Baku, Azerbaijan, June 19
By Ilhama Isabalayeva - Trend:
Azerbaijan is ready to contribute to all issues concerning the world by actively participating in these projects, said Ali Ahmadov, Azerbaijani deputy prime minister, Deputy Chairman - Executive Secretary of the ruling New Azerbaijan Party, Trend reports.
Ahmadov, who is also chairman of the Azerbaijani National Coordination Council on Sustainable Development, was speaking at the 16th Baku International Conference of Ombudsmen on the topic of “The role of Ombudsmen in achieving Fair Peace and Sustainable Development Goals.”
The deputy prime minister noted that Human Rights Day is celebrated in Azerbaijan on June 18.
“There is nothing more important than the protection of human rights,” he said. “For this purpose, various institutions are being created, one of which is the ombudsman’s institution. We are happy that the ombudsman of Azerbaijan managed to set up effective relations with ombudsmen of other countries.”
Ahmadov noted that the global project being implemented by the UN envisages a positive change in the world until 2030.
“On July 15, very few countries of the world - only 14, one of which is Azerbaijan, will present the second report on sustainable development to the UN,” he added.
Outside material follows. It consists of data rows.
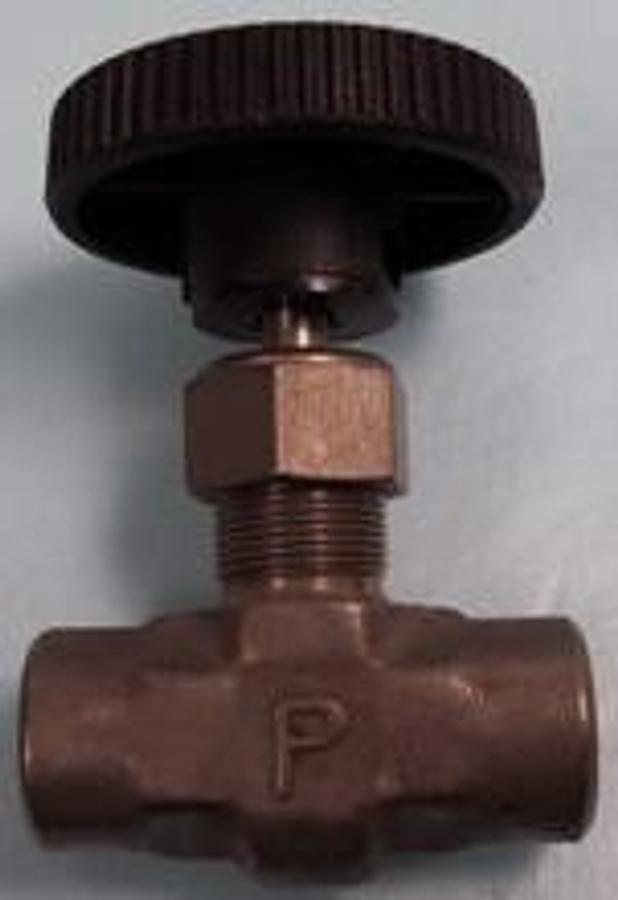 Used QTY. 1. PARKER VALVE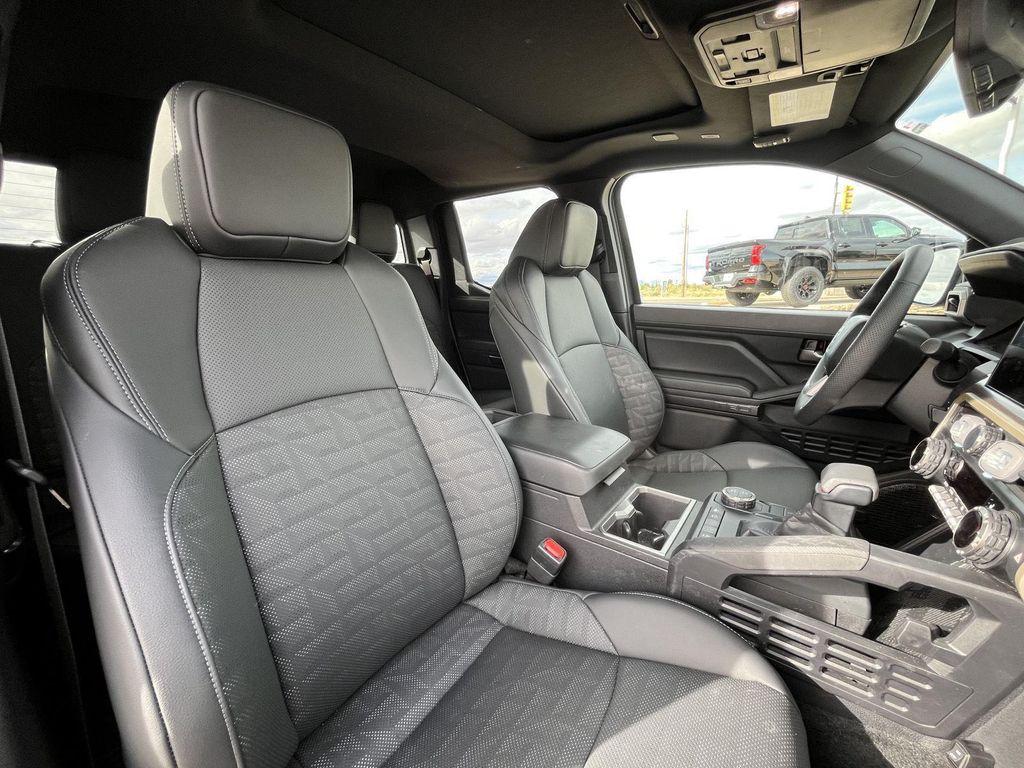 used 2024 Toyota Tacoma car, priced at $39,289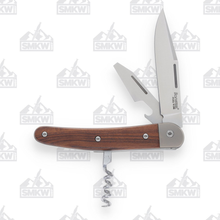 LionSteel Jack 3 Santos Wood Folding Knife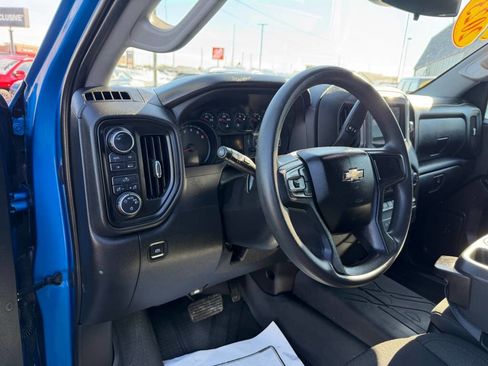 Used 2023 Chevrolet Silverado 1500 Custom w/ LPO, Dark Essentials Package image 18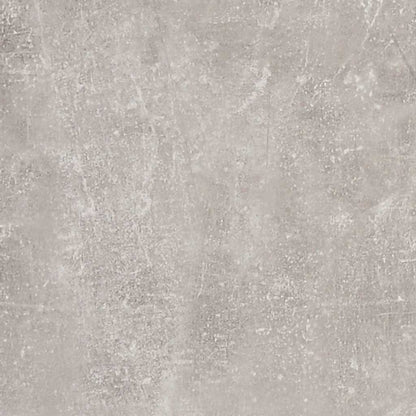 TV Cabinet Concrete Grey 120x40,5x35 cm Engineered Wood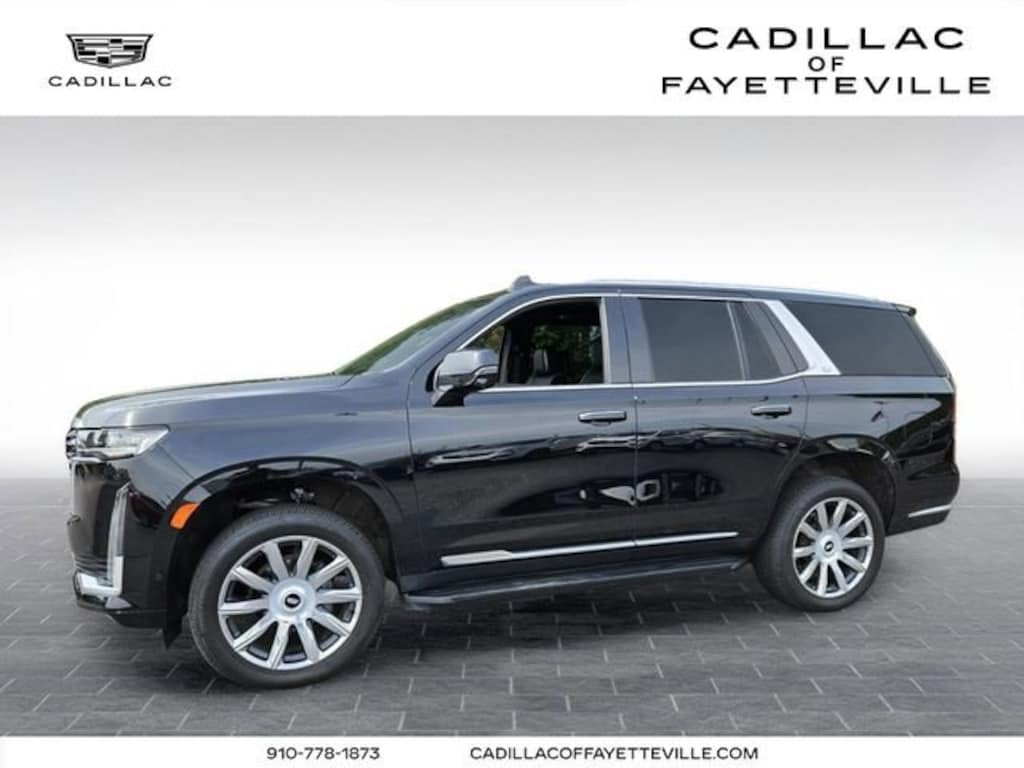 Used 2023 CADILLAC Escalade Premium Luxury Platinum SUV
He noted that, being a young state, Azerbaijan has achieved great progress, and the country’s citizens see the development in Azerbaijan themselves. The state implements various projects so that people live with dignity, he said.
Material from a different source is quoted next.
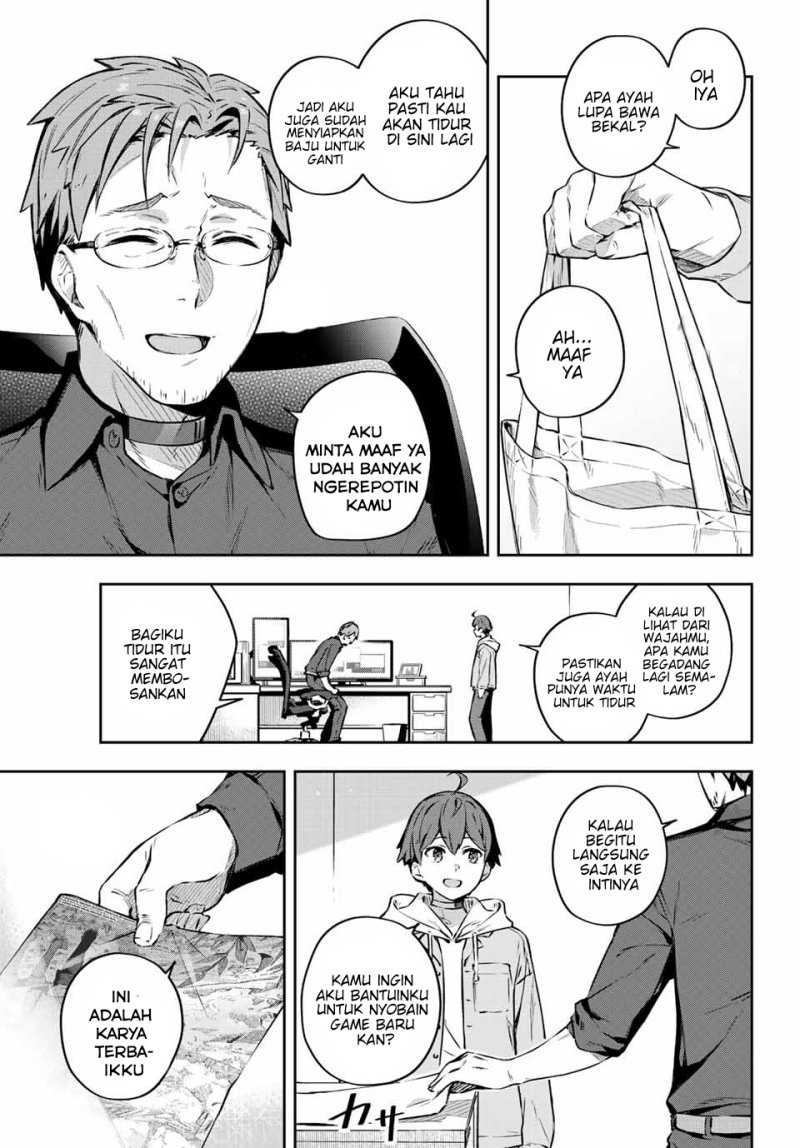 Destiny Unchain Online Chapter 01 Gambar 13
He added that ensuring peace is one of the important issues.
“Sustainable development is impossible without reliable peace,” he said. “But, unfortunately, despite their peacefulness, the Azerbaijani people have become one of the peoples deprived of peace for more than 30 years. One million refugees and IDPs make 10 percent of the population of Azerbaijan. The rights of these people are violated for 30 years. All attempts by the Azerbaijani side to achieve a fair settlement of the Armenia-Azerbaijan Nagorno-Karabakh conflict have so far been fruitless.”
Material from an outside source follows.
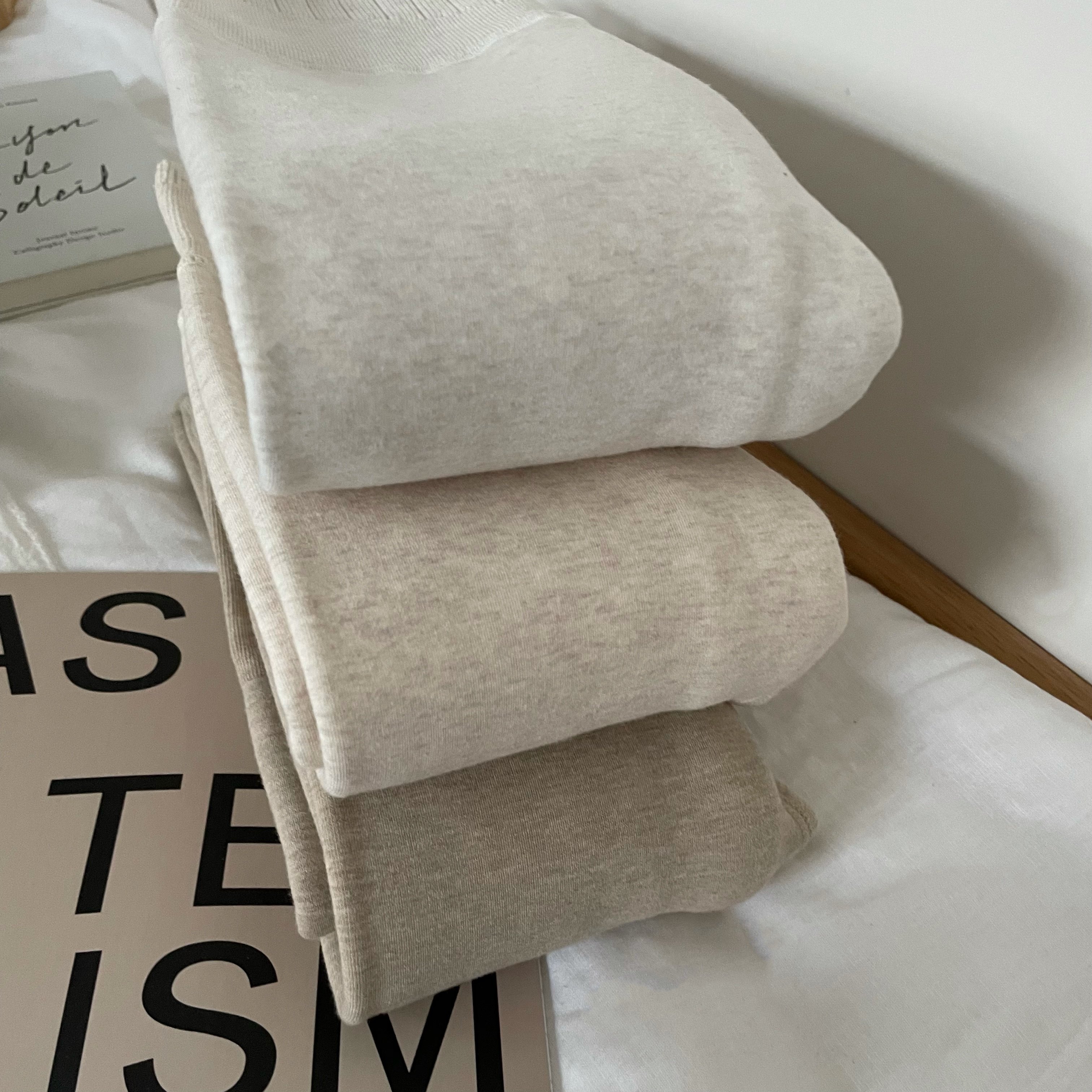 秋冬燕麦白色600D薄款棉平板打底连裤袜子女百搭踩脚裤内搭紧身裤,淘宝优惠券,粉丝福利购,淘宝优惠卷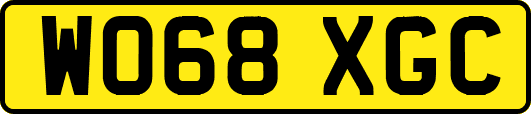 WO68XGC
The deputy prime minister stressed that the Azerbaijani state fulfills its obligations to these people with dignity, however the issue of respecting their rights remains open.
Ahmadov expressed hope that in this regard, the ombudsmen will try to join their efforts.
The conflict between the two South Caucasus countries began in 1988 when Armenia made territorial claims against Azerbaijan. As a result of the ensuing war, in 1992 Armenian armed forces occupied 20 percent of Azerbaijan, including the Nagorno-Karabakh region and seven surrounding districts.
The 1994 ceasefire agreement was followed by peace negotiations. Armenia has not yet implemented four UN Security Council resolutions on withdrawal of its armed forces from Nagorno Karabakh and the surrounding districts.